WORK TO BE COMPLETED> Could you restate every entry word for word, minus the pictures?

*** Opening of DATASET RECORDS ***

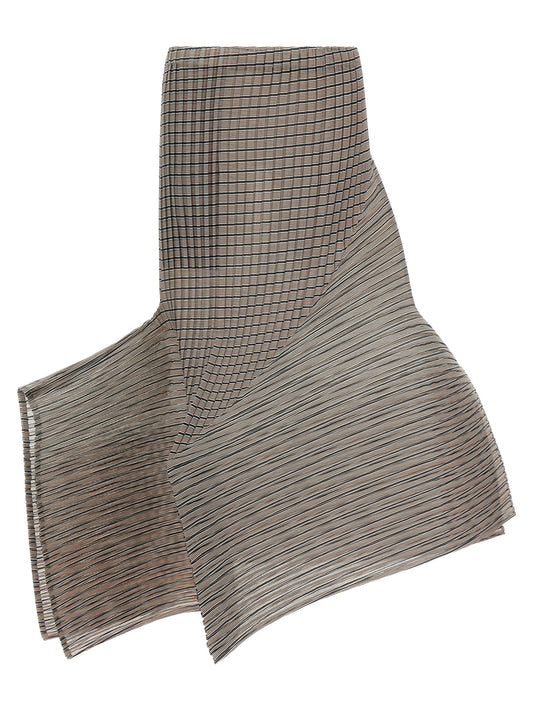 Skirt by Issey Miyake for women in polyester brown, transparent & striped showcases a sultry silhouette, elegantly defined by its mini and the sophisticated sultry design of the Women's Pleated Asymmetrical Polyester Skirt.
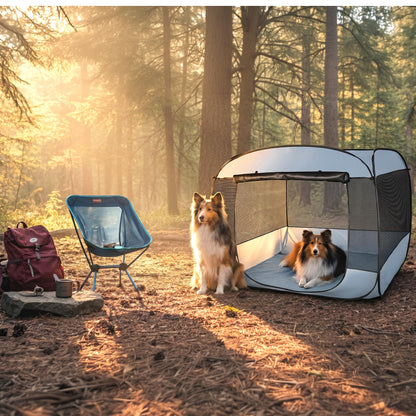 EighteenTek XLarge Popup Portable Dog Houses, 5.3'x4'H Assembly-Free Gazebo-Style Dog Cot Cat Playpen Screen Pet Tent Sun Shade Shelter Dog Bed with Canopy for Outdoor, Anti-Bugs with Leakproof Bottom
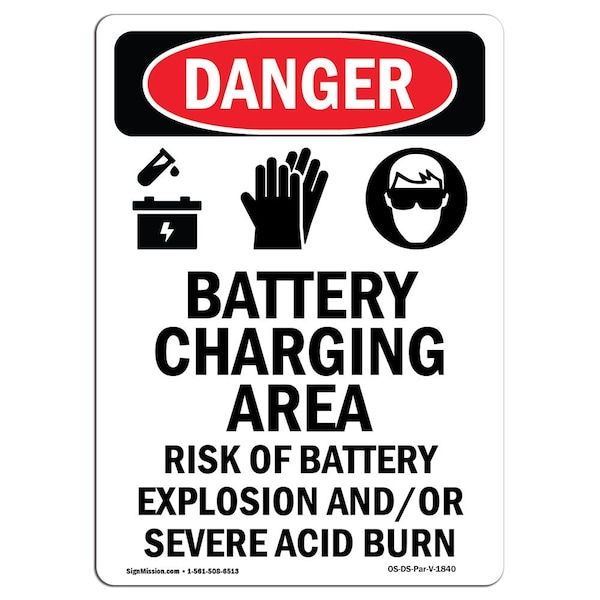 Safety Sign, OSHA Danger, 5" Height, Battery Charging Area, Portrait, 10PK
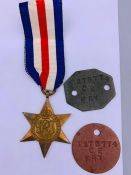 Dog Tags for 1275774 CE Fry and a WWII France and Germany Star medal.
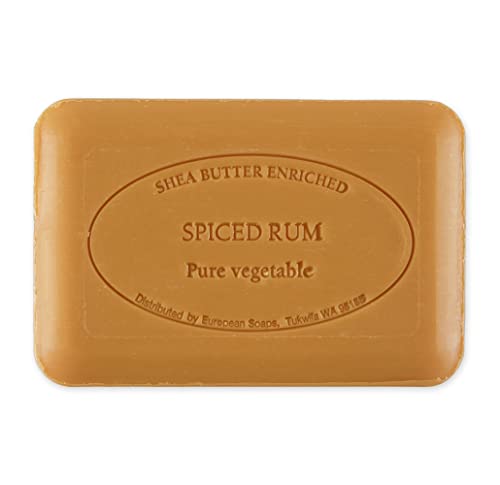 Pre de Provence Artisanal Soap Bar, Enriched with Organic Shea Butter, Natural French Skincare, Quad Milled for Rich Smooth Lather, 8.8 Ounce, Spiced Rum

*** Close of DATASET RECORDS ***

ANSWER TO THE EXERCISE>
 Skirt by Issey Miyake for women in polyester brown, transparent & striped showcases a sultry silhouette, elegantly defined by its mini and the sophisticated sultry design of the Women's Pleated Asymmetrical Polyester Skirt.
 EighteenTek XLarge Popup Portable Dog Houses, 5.3'x4'H Assembly-Free Gazebo-Style Dog Cot Cat Playpen Screen Pet Tent Sun Shade Shelter Dog Bed with Canopy for Outdoor, Anti-Bugs with Leakproof Bottom
 Safety Sign, OSHA Danger, 5" Height, Battery Charging Area, Portrait, 10PK
 Dog Tags for 1275774 CE Fry and a WWII France and Germany Star medal.
 Pre de Provence Artisanal Soap Bar, Enriched with Organic Shea Butter, Natural French Skincare, Quad Milled for Rich Smooth Lather, 8.8 Ounce, Spiced Rum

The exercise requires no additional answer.